There are many contributory factors, but perhaps the most basic is the language problem. For their own obvious ends, lawyers have perfected an exclusive form of communication. It has a passing resemblance to English mixed with a smattering of dog Latin, but to the man in the street, it might just as well be Greek. Thus, when he receives a writ or a subpoena or one of the other countless arrows in the legal quiver, he is completely mystified. What does it mean? What can he do? What else but hire an interpreter—who is, of course, a lawyer. And there we have the kind of situation that lawyers love: the two sides can settle down to a protracted exchange of mumbo-jumbo, most of it unintelligible to their clients and all of it charged at an hourly rate that defies belief.
Then there is the law, not made by man but dictated by human nature, that requires that idle hands find mischievous employment. When there is not enough work for the legal population, you might reasonably expect the number of lawyers to decrease, with the less successful leaving to try their luck at something useful, like plumbing. Not a chance. If there is not enough work to go around, more work is created. Subdivisions of the law and their specialists spring up to make daily life more complicated for us and more remunerative for them. The result is that you find yourself having to deal with not one lawyer but a whole platoon of them.
The first, let’s say, specialises in real estate. He will uncover the booby traps hidden (by another lawyer) in the fine print of your apartment lease. You will need a second to explain the subtleties built into your contract of employment, a third if you should disagree with the Inland Revenue about the size of your contributions to the national economy, a fourth if your doctor makes a slip of the scalpel, a fifth if you get divorced, a sixth… But the list is already too long and too depressing, and we haven’t even begun to venture into criminal law or that most overpopulated branch of an overpopulated profession, corporate law. Lawyers are everywhere except under the bed, and that might not be too far away if their numbers continue to increase.
And why do we need them? Self-defence. Because the other side—be it landlord, employer, ex-wife, or whoever—has elected to have a long and expensive argument rather than a quick, cheap one, and has retained a professional representative to do it. It’s no good thinking that you, a rank amateur, can conduct your own case. Innocence will get you nowhere these days, and ignorance will cost you dear. You wouldn’t be able to understand more than one word in ten anyway. There is no alternative but to fight fire with fire and to employ your own legal bodyguard.

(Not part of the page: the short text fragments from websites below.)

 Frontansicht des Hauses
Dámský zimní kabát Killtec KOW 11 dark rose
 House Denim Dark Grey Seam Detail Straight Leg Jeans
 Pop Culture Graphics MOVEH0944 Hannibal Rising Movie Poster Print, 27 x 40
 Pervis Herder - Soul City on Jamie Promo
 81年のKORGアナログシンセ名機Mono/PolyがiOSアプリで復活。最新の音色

So we have to assume that lawyers are necessary. But that doesn’t explain why they are so heartily detested, so frequently reviled and even, dare I say it, distrusted. To understand why these attitudes exist, we must look into the mind of the beast himself and see what it is that makes the lawyer tick.
His guiding principle drummed into him from his first days as a callow student, is never, under any circumstances, to admit to being wrong, partly because his professional reputation for omniscience would suffer and partly because it might expose him to the awful possibility of a negligence suit. Now, it is obviously easier to avoid being wrong if you can avoid stating a clear opinion that may later prove to be arrant nonsense. This is why there is great fondness in legal circles for two well-tried secret weapons that have enabled generations of lawyers to retain the appearance of wisdom without the effort of original thought.

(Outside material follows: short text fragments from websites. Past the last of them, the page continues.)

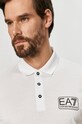 EA7 Emporio Armani - Polo 8NPF12.PJNQZ biały 8NPF12.PJNQZ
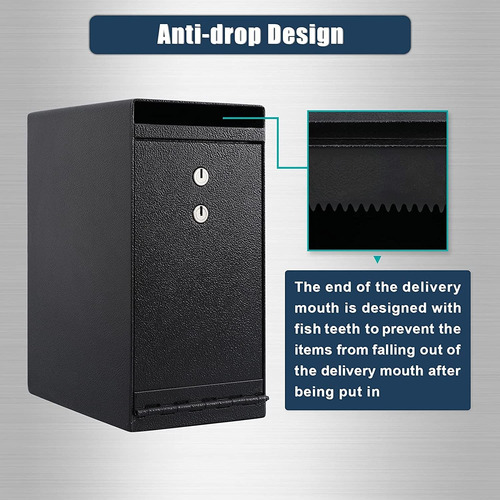 Kyodoled Depository Safe With Dual Key Lock, Security Anti-t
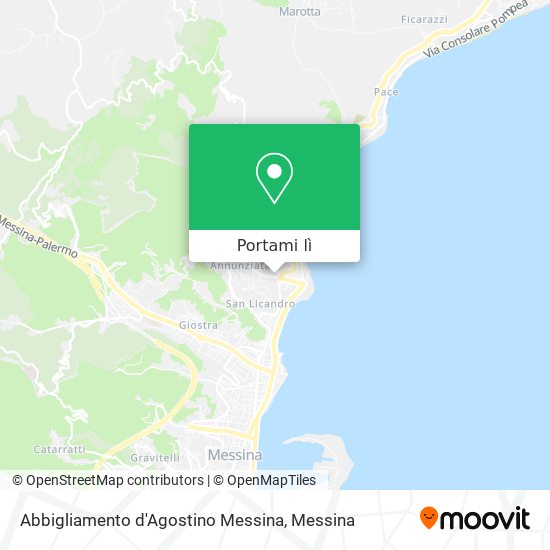 Mappa Abbigliamento d'Agostino Messina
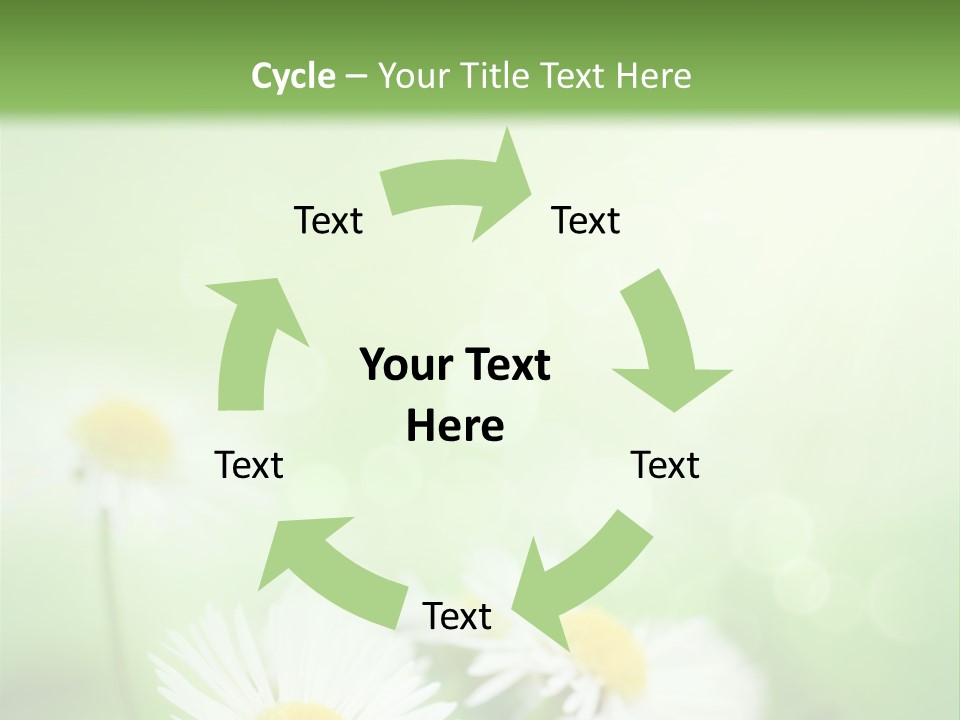 Defocused Close Up Fragrance PowerPoint Template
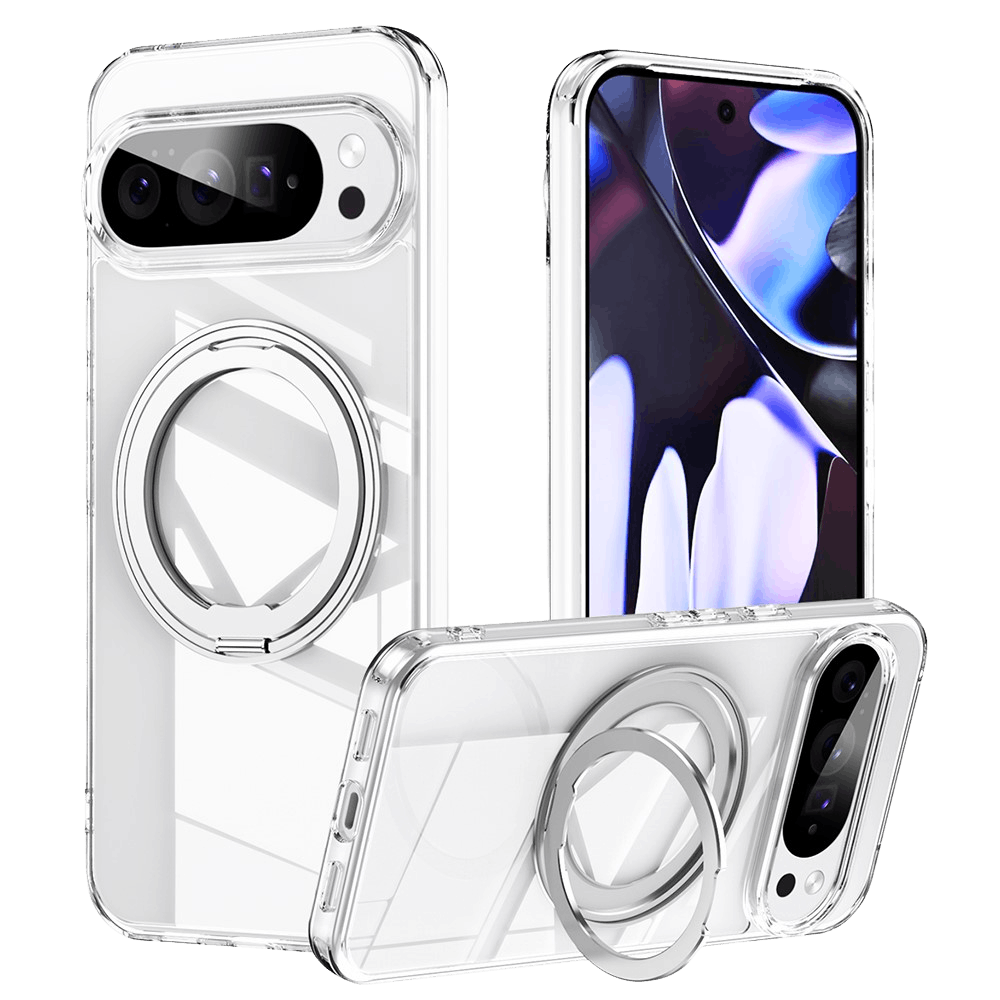 CaseBody Google Pixel 10 Pro XL MagSafe Kickstand Hoesje Transparant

The vaguer of the two is the Grey Area, into which the lawyer dives like a rabbit down a burrow if anyone should threaten him with a loaded question. On the face of it, he says, you seem to have a strong case. He nods encouragingly and peers at you over the top of his half-glasses. But there are some aspects of it, some mitigating factors, some imponderables, one or two possible extenuations—no, it’s not quite as cut and dried as it looks to the layman. In fact, he says, this particular instance is rather a Grey Area.
The law, as you subsequently discover if you’re unfortunate enough to be involved with it often, is almost entirely made up of Grey Areas, and they are deeply, deeply valued for providing opportunities to say absolutely nothing in a highly professional manner. The only glimmers of clarity in this fog of obfuscation occur when your case happens to be an exact replica of another case on which judgment was pronounced fifty years ago and hasn’t been challenged since. This is when the second secret weapon is triumphantly produced.
Precedent! What a wonderful labour-saving, definitive thing it is. When a lawyer is stuck for an answer, he consults precedent. When he wants to flatten an opponent, he quotes precedent. When he disagrees with some proposed legal novelty, he argues that there’s no precedent for it. But what exactly is precedent? Somebody’s opinion, grown old and respectable with the passage of time, but still only an opinion. ‘Precedent’ is probably the most popular word in the legal dictionary, and it has a great advantage over the Grey Area because it permits lawyers to be decisive without having to take any responsibility for the decision.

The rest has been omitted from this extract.